Records from a collection
▬▬▬▬▬▬
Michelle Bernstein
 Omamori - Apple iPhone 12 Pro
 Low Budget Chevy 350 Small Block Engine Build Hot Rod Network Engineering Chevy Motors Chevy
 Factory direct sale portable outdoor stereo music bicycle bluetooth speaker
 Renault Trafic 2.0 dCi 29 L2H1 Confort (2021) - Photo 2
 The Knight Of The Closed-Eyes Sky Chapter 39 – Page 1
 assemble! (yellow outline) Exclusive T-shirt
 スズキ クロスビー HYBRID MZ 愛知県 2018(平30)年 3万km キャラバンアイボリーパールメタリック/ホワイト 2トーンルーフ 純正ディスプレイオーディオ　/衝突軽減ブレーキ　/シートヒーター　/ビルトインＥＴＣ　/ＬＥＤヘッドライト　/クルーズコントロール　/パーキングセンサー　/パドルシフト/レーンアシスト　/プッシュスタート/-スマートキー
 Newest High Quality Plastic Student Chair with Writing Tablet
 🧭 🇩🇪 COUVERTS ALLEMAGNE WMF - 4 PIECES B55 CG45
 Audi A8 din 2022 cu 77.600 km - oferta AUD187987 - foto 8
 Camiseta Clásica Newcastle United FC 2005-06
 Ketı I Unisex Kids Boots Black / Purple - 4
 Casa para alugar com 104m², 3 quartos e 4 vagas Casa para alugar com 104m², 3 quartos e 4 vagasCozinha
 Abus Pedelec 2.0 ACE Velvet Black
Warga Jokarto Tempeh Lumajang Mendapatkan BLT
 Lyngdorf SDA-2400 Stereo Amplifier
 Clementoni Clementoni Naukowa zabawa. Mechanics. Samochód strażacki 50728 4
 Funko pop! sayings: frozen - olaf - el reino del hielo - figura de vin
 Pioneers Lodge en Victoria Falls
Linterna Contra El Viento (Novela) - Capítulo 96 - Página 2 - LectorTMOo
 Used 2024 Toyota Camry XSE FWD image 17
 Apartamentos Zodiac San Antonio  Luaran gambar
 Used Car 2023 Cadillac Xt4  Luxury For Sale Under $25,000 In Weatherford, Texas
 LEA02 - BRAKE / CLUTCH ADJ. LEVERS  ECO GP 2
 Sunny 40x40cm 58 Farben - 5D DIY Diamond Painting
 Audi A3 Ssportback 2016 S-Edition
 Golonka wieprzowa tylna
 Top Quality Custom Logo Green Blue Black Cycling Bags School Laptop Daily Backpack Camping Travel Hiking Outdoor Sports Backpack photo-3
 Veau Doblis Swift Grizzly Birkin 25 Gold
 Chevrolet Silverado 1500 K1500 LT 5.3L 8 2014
▬▬▬▬▬▬
- _ASSIGNMENT_
What is needed is every line from the start of the entries through the line containing "assemble! (yellow outline) Exclusive T-shirt", returned word for word and nothing else.

- _ANSWER SECTION_
Michelle Bernstein
 Omamori - Apple iPhone 12 Pro
 Low Budget Chevy 350 Small Block Engine Build Hot Rod Network Engineering Chevy Motors Chevy
 Factory direct sale portable outdoor stereo music bicycle bluetooth speaker
 Renault Trafic 2.0 dCi 29 L2H1 Confort (2021) - Photo 2
 The Knight Of The Closed-Eyes Sky Chapter 39 – Page 1
 assemble! (yellow outline) Exclusive T-shirt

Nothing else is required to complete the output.